▸ DATA SHOWN

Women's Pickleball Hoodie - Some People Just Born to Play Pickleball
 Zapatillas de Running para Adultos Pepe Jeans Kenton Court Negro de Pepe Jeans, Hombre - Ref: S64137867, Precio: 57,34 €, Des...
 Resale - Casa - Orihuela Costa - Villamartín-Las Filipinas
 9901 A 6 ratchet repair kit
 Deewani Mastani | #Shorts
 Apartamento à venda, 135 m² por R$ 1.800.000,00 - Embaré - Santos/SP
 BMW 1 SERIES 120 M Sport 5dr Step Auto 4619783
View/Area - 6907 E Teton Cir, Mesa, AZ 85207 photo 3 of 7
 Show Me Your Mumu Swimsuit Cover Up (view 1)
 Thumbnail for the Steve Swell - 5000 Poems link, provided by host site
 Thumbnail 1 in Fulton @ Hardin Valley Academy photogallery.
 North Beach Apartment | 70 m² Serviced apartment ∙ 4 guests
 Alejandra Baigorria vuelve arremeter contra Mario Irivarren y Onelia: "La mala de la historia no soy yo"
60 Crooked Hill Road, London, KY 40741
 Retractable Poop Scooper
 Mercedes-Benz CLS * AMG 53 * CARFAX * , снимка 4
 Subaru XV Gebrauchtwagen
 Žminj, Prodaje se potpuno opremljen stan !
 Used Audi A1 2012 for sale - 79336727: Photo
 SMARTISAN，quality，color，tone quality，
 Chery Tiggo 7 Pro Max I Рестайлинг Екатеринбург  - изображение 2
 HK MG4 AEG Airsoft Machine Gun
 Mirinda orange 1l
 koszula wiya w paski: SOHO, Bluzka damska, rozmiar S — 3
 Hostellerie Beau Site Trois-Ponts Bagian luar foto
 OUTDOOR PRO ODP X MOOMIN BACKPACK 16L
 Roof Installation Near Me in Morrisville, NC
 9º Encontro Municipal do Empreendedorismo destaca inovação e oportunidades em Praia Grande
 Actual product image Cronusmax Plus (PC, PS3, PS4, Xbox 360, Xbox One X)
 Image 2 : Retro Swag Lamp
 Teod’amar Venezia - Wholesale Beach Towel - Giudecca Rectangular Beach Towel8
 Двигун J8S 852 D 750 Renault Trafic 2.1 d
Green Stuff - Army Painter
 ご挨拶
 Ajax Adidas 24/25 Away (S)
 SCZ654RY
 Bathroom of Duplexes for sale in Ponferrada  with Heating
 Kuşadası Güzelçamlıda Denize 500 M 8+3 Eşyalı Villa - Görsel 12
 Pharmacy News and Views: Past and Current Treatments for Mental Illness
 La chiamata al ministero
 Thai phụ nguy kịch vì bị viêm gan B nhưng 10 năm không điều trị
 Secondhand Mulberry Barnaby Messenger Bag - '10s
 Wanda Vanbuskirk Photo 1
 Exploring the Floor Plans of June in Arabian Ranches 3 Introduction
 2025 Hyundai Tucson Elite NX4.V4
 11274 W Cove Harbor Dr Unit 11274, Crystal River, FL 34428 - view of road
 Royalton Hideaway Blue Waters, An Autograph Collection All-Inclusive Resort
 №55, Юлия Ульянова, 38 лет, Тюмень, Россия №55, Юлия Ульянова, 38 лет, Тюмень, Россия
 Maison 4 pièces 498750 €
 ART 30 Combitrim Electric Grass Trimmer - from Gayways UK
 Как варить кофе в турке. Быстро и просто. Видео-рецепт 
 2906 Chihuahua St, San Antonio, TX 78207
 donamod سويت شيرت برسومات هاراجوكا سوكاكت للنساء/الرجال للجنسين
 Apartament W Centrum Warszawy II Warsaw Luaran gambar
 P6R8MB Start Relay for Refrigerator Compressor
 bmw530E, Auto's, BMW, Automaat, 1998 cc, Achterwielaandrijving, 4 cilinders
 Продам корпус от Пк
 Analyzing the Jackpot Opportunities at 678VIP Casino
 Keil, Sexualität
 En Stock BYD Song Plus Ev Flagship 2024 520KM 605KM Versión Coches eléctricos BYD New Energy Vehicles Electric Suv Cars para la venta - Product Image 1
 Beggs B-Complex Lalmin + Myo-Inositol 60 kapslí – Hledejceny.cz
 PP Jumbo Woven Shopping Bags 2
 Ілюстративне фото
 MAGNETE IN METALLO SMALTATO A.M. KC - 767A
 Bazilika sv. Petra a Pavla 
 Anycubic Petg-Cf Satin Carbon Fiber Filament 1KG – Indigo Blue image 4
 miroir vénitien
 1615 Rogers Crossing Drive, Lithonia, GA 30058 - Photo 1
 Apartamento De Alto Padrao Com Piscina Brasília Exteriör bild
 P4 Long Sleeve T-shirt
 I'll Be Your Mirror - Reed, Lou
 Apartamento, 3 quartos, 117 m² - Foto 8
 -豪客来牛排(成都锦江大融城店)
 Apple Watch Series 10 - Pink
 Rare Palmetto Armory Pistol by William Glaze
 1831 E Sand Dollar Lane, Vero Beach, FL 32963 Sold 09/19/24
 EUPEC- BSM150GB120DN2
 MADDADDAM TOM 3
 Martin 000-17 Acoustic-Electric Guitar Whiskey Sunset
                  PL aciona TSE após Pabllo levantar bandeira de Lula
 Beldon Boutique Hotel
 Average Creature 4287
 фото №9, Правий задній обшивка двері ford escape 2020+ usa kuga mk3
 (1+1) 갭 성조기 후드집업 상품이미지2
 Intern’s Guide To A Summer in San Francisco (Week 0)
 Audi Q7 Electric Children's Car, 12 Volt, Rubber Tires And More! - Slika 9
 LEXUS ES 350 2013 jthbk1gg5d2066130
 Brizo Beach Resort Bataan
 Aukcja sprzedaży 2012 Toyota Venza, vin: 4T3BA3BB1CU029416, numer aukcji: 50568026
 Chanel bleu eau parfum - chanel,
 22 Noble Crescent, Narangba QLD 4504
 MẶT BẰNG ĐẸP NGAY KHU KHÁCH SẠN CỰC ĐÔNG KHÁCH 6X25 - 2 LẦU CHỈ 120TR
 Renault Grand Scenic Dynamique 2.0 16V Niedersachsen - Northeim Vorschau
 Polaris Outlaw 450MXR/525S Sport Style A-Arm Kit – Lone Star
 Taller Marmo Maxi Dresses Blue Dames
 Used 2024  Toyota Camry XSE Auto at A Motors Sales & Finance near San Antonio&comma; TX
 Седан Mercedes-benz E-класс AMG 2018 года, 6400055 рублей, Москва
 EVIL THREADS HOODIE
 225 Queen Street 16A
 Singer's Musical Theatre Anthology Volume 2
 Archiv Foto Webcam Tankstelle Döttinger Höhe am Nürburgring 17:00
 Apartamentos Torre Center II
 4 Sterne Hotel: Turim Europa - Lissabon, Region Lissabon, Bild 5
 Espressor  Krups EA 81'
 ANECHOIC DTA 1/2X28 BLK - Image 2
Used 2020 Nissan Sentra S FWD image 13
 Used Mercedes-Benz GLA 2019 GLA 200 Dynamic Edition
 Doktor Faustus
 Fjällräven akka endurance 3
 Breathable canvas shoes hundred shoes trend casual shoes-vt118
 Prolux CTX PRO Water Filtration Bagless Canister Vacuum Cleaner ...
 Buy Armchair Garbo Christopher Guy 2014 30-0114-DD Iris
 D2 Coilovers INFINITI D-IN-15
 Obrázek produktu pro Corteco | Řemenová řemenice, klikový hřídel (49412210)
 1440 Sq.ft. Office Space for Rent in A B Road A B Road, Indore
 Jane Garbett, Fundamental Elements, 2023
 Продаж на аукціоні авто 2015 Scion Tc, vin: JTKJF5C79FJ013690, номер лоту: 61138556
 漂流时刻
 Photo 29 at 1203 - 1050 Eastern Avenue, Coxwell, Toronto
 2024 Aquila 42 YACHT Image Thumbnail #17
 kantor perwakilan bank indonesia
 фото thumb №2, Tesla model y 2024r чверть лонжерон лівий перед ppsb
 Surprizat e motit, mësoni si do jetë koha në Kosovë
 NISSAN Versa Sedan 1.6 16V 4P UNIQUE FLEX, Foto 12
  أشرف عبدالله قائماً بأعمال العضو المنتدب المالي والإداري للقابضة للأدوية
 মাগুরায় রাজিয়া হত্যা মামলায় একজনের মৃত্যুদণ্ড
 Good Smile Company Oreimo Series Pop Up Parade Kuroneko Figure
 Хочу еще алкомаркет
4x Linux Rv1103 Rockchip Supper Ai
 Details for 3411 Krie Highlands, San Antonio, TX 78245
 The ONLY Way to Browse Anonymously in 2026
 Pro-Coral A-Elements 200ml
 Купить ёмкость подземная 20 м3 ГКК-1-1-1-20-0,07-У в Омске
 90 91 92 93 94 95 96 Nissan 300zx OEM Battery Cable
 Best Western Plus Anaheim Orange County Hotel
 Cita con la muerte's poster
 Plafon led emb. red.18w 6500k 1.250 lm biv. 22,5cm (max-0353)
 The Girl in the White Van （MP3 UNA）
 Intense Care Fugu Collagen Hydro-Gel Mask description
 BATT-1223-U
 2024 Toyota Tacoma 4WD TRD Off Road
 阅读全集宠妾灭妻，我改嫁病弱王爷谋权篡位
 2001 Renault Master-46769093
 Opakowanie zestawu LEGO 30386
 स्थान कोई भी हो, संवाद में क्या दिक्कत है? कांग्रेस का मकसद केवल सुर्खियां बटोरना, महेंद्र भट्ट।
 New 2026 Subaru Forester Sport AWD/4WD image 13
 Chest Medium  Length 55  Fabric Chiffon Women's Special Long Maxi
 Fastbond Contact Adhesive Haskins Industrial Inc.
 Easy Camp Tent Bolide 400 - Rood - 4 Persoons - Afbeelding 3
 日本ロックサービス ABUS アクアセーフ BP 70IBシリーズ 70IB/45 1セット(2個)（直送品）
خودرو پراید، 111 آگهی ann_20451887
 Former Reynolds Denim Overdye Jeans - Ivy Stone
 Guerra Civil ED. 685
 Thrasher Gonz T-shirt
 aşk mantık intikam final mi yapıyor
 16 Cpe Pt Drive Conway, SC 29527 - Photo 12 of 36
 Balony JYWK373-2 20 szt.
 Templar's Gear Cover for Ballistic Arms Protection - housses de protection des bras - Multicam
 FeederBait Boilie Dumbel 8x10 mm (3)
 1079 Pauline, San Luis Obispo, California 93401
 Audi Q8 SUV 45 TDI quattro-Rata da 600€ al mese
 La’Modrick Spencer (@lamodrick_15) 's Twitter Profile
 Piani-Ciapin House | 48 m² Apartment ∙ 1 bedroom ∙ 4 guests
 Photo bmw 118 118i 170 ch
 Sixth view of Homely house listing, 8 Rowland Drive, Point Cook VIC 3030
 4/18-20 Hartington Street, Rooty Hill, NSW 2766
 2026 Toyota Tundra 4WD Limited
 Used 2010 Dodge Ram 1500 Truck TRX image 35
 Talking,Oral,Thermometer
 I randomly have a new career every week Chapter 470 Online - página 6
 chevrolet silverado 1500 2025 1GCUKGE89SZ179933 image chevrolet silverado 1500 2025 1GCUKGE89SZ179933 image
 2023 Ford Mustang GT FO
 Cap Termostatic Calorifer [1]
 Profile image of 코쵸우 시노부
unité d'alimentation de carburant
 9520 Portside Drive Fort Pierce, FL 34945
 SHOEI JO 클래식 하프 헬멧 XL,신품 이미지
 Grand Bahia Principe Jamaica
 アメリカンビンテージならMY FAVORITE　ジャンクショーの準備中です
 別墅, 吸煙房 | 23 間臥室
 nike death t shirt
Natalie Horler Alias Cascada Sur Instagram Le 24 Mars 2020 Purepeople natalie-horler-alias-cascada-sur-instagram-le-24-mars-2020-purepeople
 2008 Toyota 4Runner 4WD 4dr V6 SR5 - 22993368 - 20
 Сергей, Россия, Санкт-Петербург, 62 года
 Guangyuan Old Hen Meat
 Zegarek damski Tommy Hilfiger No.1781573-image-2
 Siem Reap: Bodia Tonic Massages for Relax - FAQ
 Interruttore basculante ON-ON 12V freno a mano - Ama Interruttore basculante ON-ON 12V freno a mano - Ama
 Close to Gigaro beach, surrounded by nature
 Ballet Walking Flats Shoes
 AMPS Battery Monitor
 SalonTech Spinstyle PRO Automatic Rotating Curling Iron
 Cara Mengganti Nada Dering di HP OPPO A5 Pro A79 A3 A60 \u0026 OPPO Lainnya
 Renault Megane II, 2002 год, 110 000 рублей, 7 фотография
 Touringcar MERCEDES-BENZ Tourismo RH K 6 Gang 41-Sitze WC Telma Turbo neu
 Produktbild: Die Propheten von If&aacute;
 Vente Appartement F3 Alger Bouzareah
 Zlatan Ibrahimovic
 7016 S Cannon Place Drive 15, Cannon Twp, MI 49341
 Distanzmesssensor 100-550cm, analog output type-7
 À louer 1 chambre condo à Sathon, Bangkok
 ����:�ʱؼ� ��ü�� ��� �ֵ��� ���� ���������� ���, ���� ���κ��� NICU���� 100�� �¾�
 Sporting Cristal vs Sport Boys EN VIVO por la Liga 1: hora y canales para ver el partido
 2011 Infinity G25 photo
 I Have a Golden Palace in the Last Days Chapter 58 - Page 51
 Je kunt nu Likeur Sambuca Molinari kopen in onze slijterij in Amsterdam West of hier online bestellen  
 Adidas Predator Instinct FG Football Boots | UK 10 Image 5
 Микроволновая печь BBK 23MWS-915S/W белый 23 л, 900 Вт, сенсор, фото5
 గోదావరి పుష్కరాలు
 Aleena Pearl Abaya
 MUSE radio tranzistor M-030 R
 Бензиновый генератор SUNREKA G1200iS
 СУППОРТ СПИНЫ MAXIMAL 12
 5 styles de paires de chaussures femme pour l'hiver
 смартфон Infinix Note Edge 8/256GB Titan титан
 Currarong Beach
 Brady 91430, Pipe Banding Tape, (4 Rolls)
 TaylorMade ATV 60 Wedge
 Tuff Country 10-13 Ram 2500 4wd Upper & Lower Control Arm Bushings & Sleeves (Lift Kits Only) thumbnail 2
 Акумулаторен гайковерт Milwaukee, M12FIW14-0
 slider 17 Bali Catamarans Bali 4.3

▸ DESCRIPTION OF THE TASK
Reply with the number of lines in the data that include the string "Subaru" and nothing else.

▸ FINISHED TASK
2